2. That current approaches do not work
That you do not get alignment by default looks like a much weaker thesis than 1&2, one that I agree with.
This would obviously be an incredibly positive development, and would increase our success odds a ton! Nate isn’t arguing ‘when you actually try to do alignment, you can never make any headway’.
This unfortunately didn’t answer my question. We all agree that it would be a positive development, my question was how much. But from my point of view, it could even be enough.
The question that I was trying to ask was: “What is the difficulty ratio that you see between alignment and capabilities?”
I understood the post as making a claim (among others) that “Alignment is very more difficult than capabilities, as evidenced by Natural Selection”.
I do not often comment on Less Wrong. (Although I am starting to, this is one of my first comment!)
Hopefully, my thoughts will become clearer as I write more, and get myself more acquainted with the local assumptions and cultural codes.

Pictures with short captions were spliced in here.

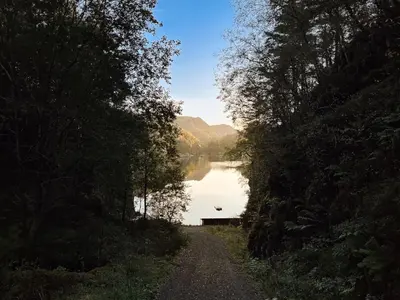 a dirt road next to a body of water at Holiday Home Soltun by Interhome in Flygansvær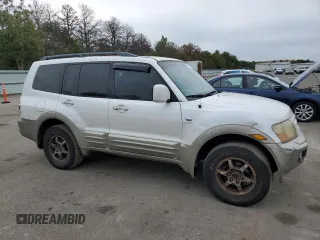 2002 Mitsubishi Montero Limited z VIN JA4MW51R52J027289, wystawiony jako Copart lot #71921024 z przebiegiem 199 334 mil mil oraz Tytuł czysty. Historia ofert i sprzedaży dostępna na DreamBid. Obrazek 4.
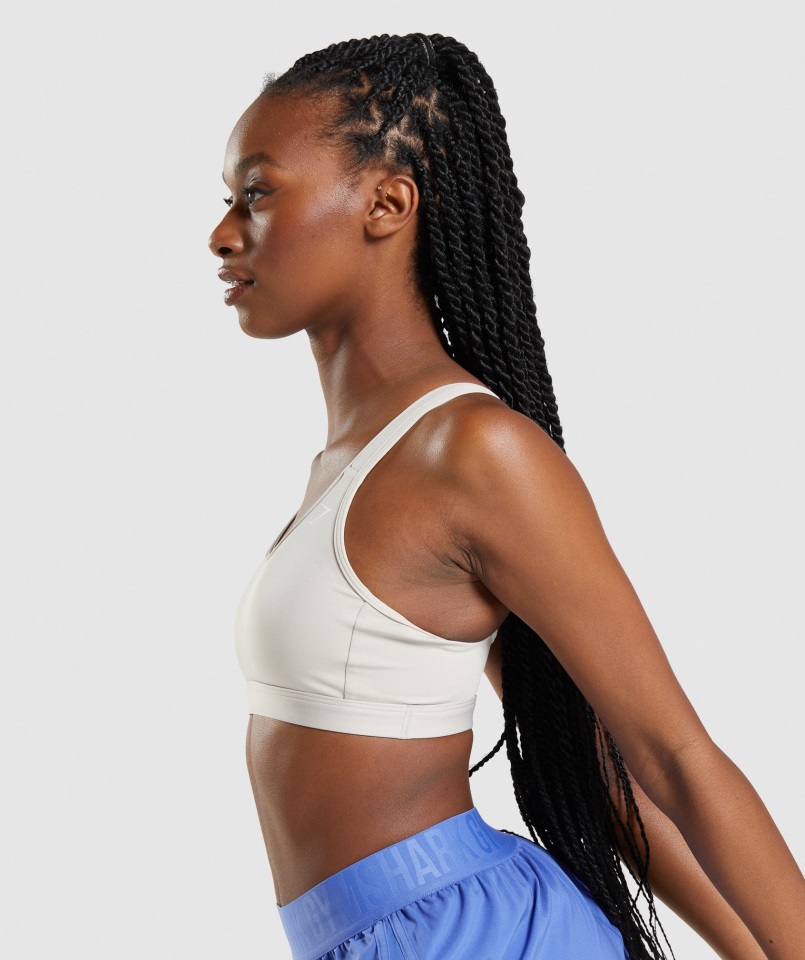 Sujetador Deportivo Con Escote Redondo En Gris Guijarro Gymshark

In the meanwhile, let me expand:
2 is the correct one.
But even though I read the post again with your interpretation in mind, I am still confused about why 2 is irrelevant. Consider:
On one hand, in the analogy with Natural Selection, “by default” means “When you don’t even try to do alignment, when you 100% optimize for a given goal.”. Ie: When NS optimized for IGF, capabilities generalized, but not alignment.
On the other hand, when speaking of alignment directly, “by default” means “Even if you optimize for alignment, but not having in mind some specific considerations”. Ie: Some specific alignment proposals will fail.
My point was that the former is not evidence for the latter.